Another man was explaining in vivid detail how the rescue should be carried out, dosing his explanatory lecture with the words, “That’s exactly the way it should be done.”
“Then why aren’t you out doing it?” a voice asked.
“Are you kidding?” the man asked. “My husband shouldn’t be down there,” a sobbing woman said. “His heart isn’t good. I’m afraid they’ll be bringing him back on a stretcher.” Another woman moved over to comfort her, and the two sat with their arms around each other, crying and dabbing at their eyes. Joan turned the volume control to maximum and walked to the window. Far down the slope, she could see the glow of the washtub, surrounded by bobbing points of light like fireflies. A muffled shouting came up the mountain, as though a football game were in progress a mile away, and Joan realized that the men were making noises to scare off the bear. She turned to the radio and told headquarters that the rescue operation was under way.

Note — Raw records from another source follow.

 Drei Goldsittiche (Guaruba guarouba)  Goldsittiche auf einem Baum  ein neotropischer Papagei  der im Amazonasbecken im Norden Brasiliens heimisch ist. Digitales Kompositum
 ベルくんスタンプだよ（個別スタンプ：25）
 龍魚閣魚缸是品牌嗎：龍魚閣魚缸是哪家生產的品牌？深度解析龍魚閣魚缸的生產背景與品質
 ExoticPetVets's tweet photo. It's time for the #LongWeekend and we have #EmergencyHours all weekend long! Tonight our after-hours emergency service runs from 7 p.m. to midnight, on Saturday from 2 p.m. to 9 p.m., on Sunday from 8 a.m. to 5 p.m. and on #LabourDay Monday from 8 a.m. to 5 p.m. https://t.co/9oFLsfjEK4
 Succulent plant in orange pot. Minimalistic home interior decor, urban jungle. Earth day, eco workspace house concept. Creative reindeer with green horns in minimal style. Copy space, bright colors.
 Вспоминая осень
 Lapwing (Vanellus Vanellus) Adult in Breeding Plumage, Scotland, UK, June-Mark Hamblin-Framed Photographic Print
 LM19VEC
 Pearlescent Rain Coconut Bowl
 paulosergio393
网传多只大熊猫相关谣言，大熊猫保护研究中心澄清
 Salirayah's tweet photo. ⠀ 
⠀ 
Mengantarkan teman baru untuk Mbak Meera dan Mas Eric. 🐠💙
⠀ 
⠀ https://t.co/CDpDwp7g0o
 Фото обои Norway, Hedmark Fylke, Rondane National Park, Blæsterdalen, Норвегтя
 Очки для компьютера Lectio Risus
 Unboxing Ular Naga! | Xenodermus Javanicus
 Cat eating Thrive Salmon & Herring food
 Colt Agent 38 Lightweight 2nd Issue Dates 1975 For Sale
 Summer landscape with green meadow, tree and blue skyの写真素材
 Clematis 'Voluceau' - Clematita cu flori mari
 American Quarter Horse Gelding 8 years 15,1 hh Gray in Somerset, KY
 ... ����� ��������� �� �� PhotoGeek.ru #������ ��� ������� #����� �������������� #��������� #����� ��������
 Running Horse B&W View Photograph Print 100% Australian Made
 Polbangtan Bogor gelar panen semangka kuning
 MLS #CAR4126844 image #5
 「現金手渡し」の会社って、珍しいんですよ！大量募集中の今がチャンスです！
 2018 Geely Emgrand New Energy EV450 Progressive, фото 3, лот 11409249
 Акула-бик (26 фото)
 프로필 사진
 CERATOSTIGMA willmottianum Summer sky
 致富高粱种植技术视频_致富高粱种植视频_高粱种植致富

Sometime between two and three in the morning, Denise Huckle found herself awake and listening intently to a splashing sound that was coming from the shallow water alongside the camp at Trout Lake. Squirt pushed himself up on his front paws and peered into the night toward the sound, and when a low growl began to issue from the puppy’s throat, Denise grabbed him and stuffed him under her sleeping bag. She thought she could make out the silhouette of a bear, and she did not want Squirt to antagonize the animal. When the sounds seemed to move out of the water and down toward the original camp, Denise awoke the others and told them what she had heard. After a few minutes of silence, the Noseck brothers scrambled out and rebuilt the fire, by now only a bed of dull embers. They set the sack of cookies on the edge of a driftwood log, fanned up the fire once again, and returned to their bags. Within a few minutes, the bear had walked to the edge of the camp, grabbed up the cookie bag in a huge paw, and disappeared. Paul Dunn, the deepest of the sleepers, was up now, and the five frightened campers decided to lie awake, feed the fire, and wait for dawn. It was 3 o’clock; first light would be about 5:30 or 6. Paul Dunn inched his sleeping bag closer to the roaring fire but inched it back when his toes became too hot. Once again, the bear began splashing in the shallow water below the camp, and almost simultaneously a woofing sound seemed to come from the woods above. For a few minutes, the companions of the night discussed whether bears attacked in packs or couples and finally decided that they did not. By 4 a.m., the noises had stopped, and most of the campers had pulled the bags over their heads and gone back to sleep.